Saddam Hussein's lawyer said Wednesday that U.S.-led "occupation forces" bear some of the responsibility for the slaying of a second colleague in the trial and urged Arab leaders to help combat disorder here that threatens the proceeding. Five policemen died in a suicide bombing north of the capital Wednesday, and gunmen shot dead another foreign embassy employee in the capital. The U.S. military reported another Marine died of wounds suffered in a roadside bombing.
Khalil al-Dulaimi, head of Saddam's legal team, spoke one day after Adel al-Zubeidi, lawyer for former Vice President Taha Yassin Ramadan died in a hail of gunfire in west Baghdad. Thamir al-Khuzaie, attorney for another co-defendant, Saddam's half brother Barazan Ibrahim, was wounded.

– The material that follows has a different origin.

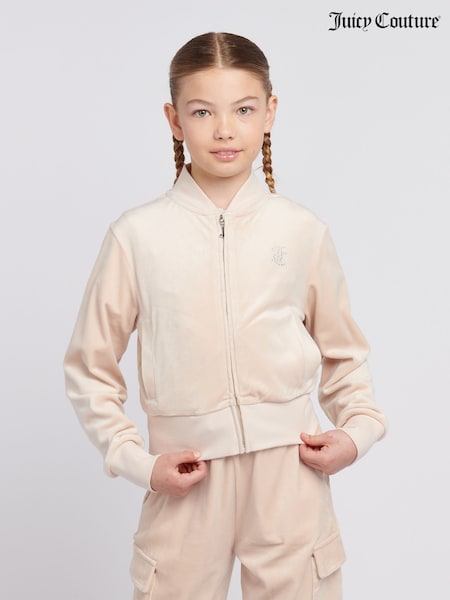 Juicy Couture Cream Girls Cropped Zip-Thru Sweatshirt (W21636) | £80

Another defense lawyer, Saadoun al-Janabi, was found shot dead the day after the trial began on Oct. 19. The assassinations raise doubts about Iraq's ability to try the case, although the Iraqi government dismissed calls to move the venue or halt the trial, which resumes Nov. 28.

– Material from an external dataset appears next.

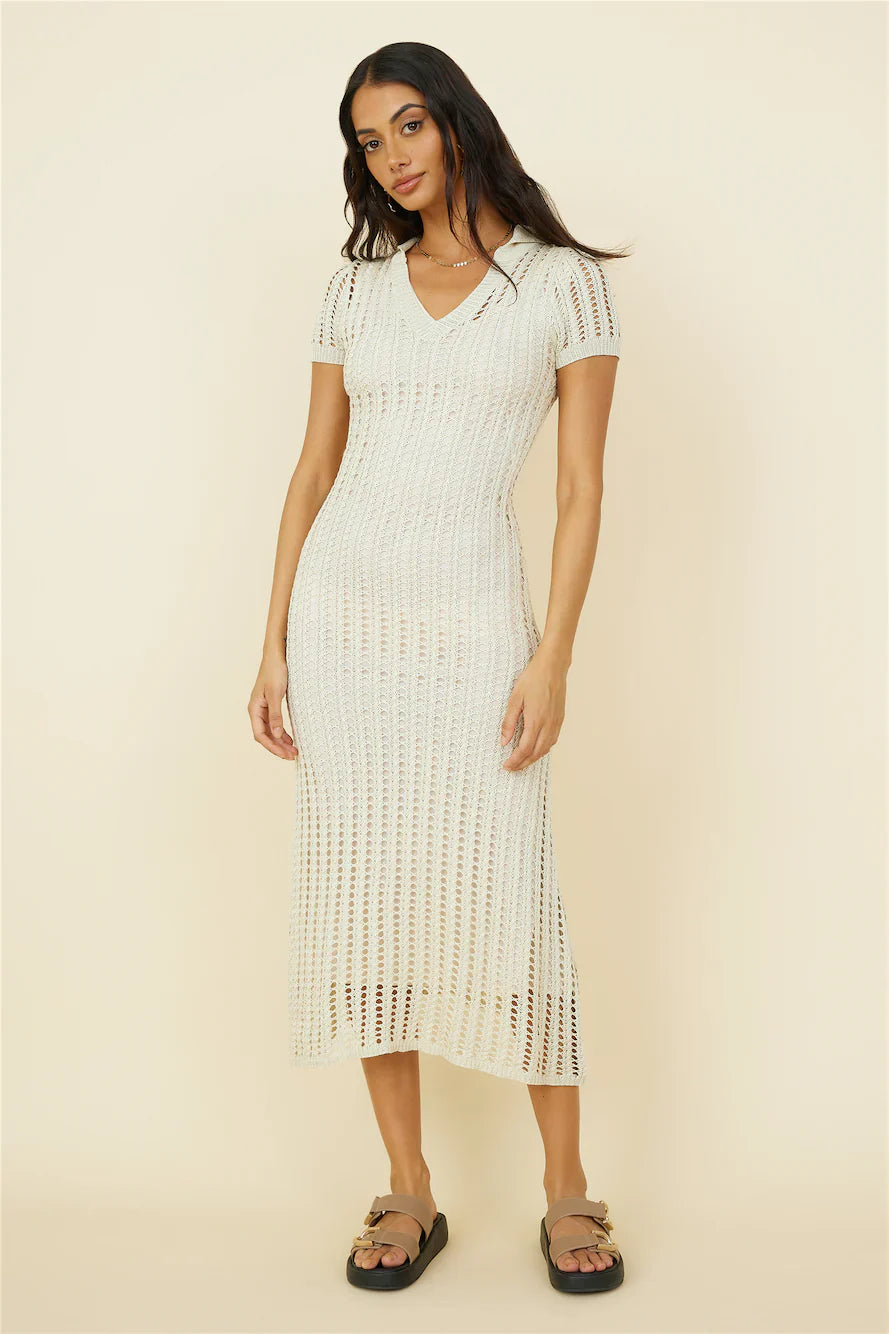 Cosmic Swirl Maxi Dress Beige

Al-Dulaimi, speaking in the insurgent hotspot of Ramadi, brushed aside government suggestions that pro-Saddam insurgents or religious extremists were behind the killings.
"The occupation forces are responsible for this criminal incident, and they bear the responsibility of preserving the lives of the people regardless of their identity," he said. The "Iraqi government also has the responsibility to protect people and put an end to such actions."

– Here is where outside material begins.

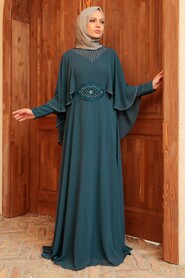 Pertol Blue Hijab Evening Dress 91501PM - Thumbnail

He called on "all free people, the United Nations, the Arab League, Arab presidents and kings and the Arab Bar Association to shoulder the responsibility to face the tyranny of the criminal gangs that are targeting the country."
President Jalal Talabani, a Kurd and longtime Saddam opponent, also condemned the assassination and urged the rest of the defense team to accept government protection which they had refused.
Regardless of who was responsible, the killing of another defense lawyer reinforced grave misgivings among human rights groups and international lawyers about holding the trial in a country gripped by a brutal insurgency, much of it led by the defendants' supporters in the Sunni Arab minority, according to the AP.
"I don't understand how you can have a fair trial in this atmosphere of insecurity, with bombs going off," said Richard Goldstone, the first prosecutor at the U.N. tribunal for war crimes in the former Yugoslavia and one of the world's most prominent jurists.
He told The Associated Press by telephone that Iraq's government should consider shifting the trial to an Arab country "where there is security."
In another example of the ongoing disorder, five policemen were killed and five others were wounded when a suicide car bomber struck a patrol near Baqouba, 55 kilometers (35 miles) northeast of Baghdad.